◆ Task item: From the first line to the last, transcribe the data exactly and skip the pictures.

◆ Collected material:
==========

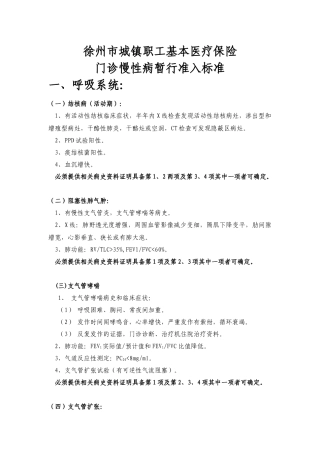 徐州市城镇职工基本医疗保险门诊慢性病暂行准入标准-一、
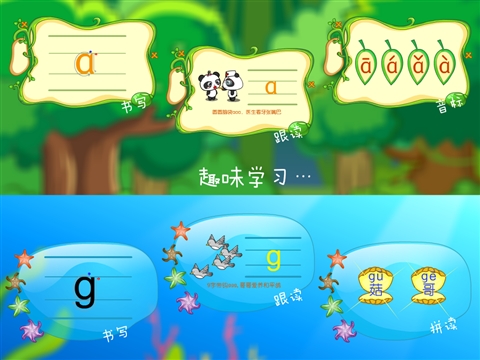è԰̹ʺ:kidscn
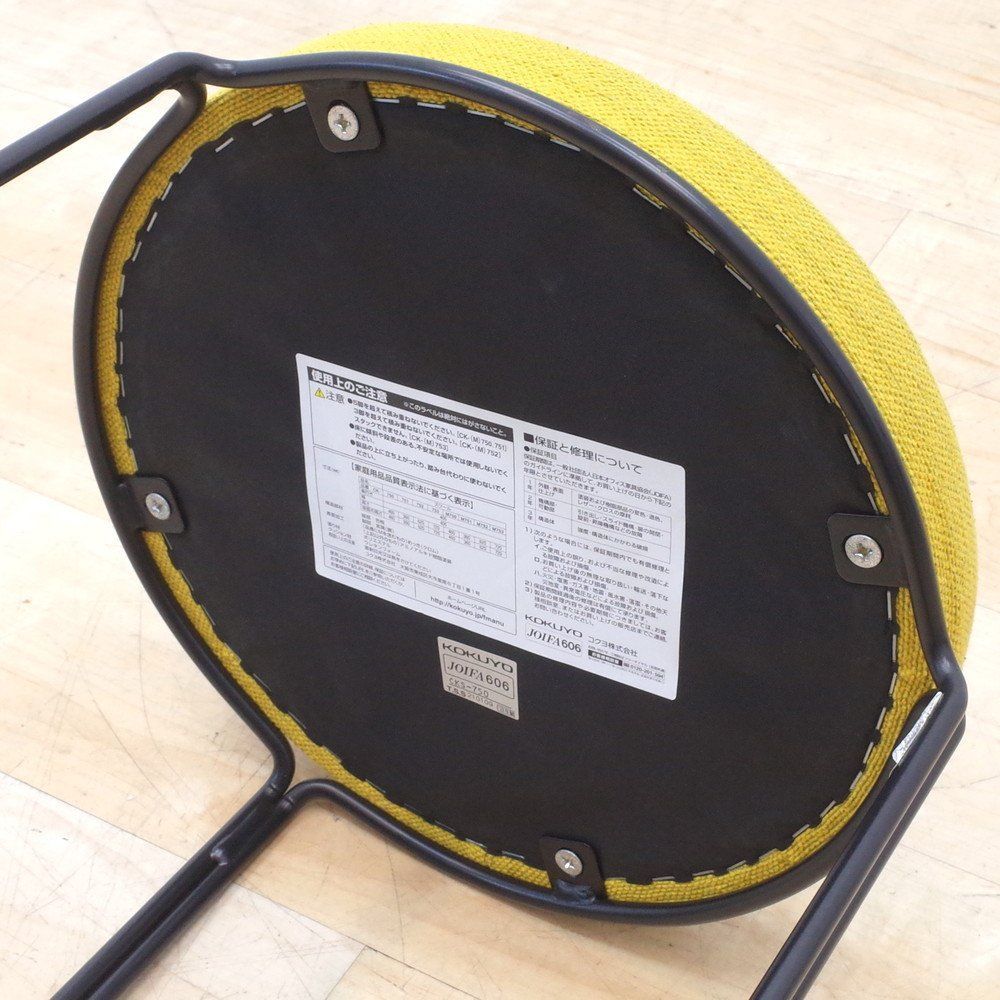 ハイタイプ 直径34cm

==========

◆ Task result:
 徐州市城镇职工基本医疗保险门诊慢性病暂行准入标准-一、
è԰̹ʺ:kidscn
 ハイタイプ 直径34cm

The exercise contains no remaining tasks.